First, a confession.

It looks like I’m not half as confident as I like to think of myself when it comes to sex.

The other day I strolled into one of my favorite second-hand book stores looking for treasures. I went straight to the sex shelf, the one next to the self-improvement and psychology. I was specifically after books about fellatio, or about oral sex generally, as I was planning to write a blog post as a response to one of my readers. Plus, a book about giving oral pleasure can be fun to have, no?

There were three books about the topic. Guess which one I got?

None.

I was too embarrassed. I conveniently convinced myself that these books will not be beneficial for my article. And since personally I don’t really need them, (did you get my hint of sarcasm just there?) I opted for a much more conventional book: sex after sixty. Knowing I look like the 40 something-year-old, which I am, no one would suspect that it’s for me and no one will have to feel uncomfortable.

Side note: the article about sex after sixty will be written in due course.

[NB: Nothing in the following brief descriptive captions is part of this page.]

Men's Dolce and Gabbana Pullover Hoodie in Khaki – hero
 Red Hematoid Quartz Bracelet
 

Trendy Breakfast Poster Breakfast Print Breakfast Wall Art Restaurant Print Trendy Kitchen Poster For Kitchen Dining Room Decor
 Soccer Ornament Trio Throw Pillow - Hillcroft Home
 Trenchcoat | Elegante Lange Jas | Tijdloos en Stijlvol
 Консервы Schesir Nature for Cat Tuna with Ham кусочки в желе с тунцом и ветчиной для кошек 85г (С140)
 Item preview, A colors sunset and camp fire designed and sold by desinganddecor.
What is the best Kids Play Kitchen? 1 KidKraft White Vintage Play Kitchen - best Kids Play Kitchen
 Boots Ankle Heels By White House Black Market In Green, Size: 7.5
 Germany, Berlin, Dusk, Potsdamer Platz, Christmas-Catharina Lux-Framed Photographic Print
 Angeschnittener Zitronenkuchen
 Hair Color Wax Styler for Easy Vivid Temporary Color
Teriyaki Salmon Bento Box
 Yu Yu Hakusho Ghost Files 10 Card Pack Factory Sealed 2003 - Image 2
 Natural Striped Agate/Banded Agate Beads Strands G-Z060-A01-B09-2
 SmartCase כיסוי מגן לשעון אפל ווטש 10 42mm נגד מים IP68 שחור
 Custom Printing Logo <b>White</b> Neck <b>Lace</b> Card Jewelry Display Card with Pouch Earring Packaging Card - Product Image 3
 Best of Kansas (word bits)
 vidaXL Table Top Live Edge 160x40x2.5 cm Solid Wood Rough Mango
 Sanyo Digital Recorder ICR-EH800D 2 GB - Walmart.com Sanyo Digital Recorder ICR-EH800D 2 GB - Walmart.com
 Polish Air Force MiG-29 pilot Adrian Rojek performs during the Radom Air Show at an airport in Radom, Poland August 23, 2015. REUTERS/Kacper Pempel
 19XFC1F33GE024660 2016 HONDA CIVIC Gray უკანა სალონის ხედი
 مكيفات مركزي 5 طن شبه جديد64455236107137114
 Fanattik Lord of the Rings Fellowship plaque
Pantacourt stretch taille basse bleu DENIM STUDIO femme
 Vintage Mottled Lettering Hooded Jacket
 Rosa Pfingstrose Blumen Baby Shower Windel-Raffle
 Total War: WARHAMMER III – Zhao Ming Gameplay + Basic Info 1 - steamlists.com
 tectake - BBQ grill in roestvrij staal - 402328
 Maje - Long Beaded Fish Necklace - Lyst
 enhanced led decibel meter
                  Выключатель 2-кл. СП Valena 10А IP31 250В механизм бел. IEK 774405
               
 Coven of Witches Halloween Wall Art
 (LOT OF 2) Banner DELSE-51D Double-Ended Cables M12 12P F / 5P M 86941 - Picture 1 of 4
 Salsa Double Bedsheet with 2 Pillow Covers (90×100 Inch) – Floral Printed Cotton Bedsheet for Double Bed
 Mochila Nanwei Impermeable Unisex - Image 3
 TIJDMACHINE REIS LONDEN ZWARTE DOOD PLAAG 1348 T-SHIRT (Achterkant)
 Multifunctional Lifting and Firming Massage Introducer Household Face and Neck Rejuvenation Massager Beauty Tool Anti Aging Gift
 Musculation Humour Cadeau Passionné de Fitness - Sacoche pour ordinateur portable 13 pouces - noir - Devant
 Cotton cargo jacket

For now, I would like to deliver on my promise to my reader and write about: 

Oral sex. Slow-style approach.

My reader was sharing that she doesn’t enjoy giving oral pleasure to her partner, but she knows he likes it, and she was asking for advice.

If you are in a relationship in which you both enjoy giving and receiving oral sex then this article is not for you.

If, however, you and/or your partner either don’t like receiving or giving oral sex, please read on.

It’s not mandatory. 

People who mostly rely on porn for their sexual education might be under the impression that oral sex is a standard expectation whenever having sex.

It is not.

Oral sex can be very nice indeed. But even if you really enjoy it, this does not mean you have to have it every single time you have sex. Think about it like cake. You love eating cake but it’s not on the menu every meal. Only on some occasions. My main takeaway is that, even if porn culture might indicate otherwise, oral sex doesn’t have to happen every time you have sex.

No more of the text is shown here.